Will the SpaceX IPO valuation meet or exceed the top end of the range, which is 2 TRILLION DOLLARS?
63% of users predicted NO — the community got this one right. 30 predictions cast.
SpaceX priced its initial public offering at $135 per share on June 3, 2026, assigning the company a valuation of approximately $1.77 trillion — roughly $230 billion below the $2 trillion upper bound the question required. The company plans to sell 555.6 million shares to raise a record $75 billion, with underwriters holding an option to purchase an additional 83.3 million shares that could lift total proceeds to approximately $86 billion. Trading is set to begin June 12 on the Nasdaq under the ticker SPCX.

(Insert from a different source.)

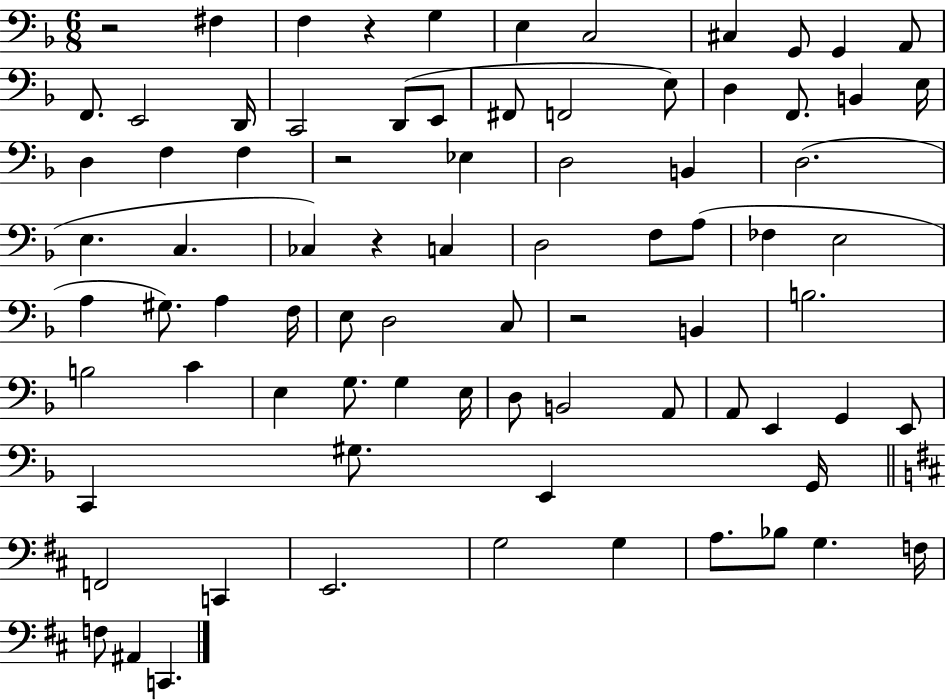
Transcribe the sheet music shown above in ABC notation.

At $1.77 trillion, SpaceX would rank as the seventh-largest publicly traded U.S. company by market capitalization at listing, placing it above Tesla. The company's commercial launch business and Starlink satellite internet network provided the revenue foundation for the high absolute valuation, but institutional investors and underwriters settled on a price that reflected both the company's recently disclosed financial losses and the substantial size of the offering itself.
Earlier secondary-market trades had implied valuations above $2 trillion, creating expectations that the formal IPO could reach that level. The roadshow process produced a more conservative number, consistent with how underwriters typically manage the pricing of very large offerings to ensure adequate demand coverage.
The community correctly anticipated the outcome: 63 percent voted NO.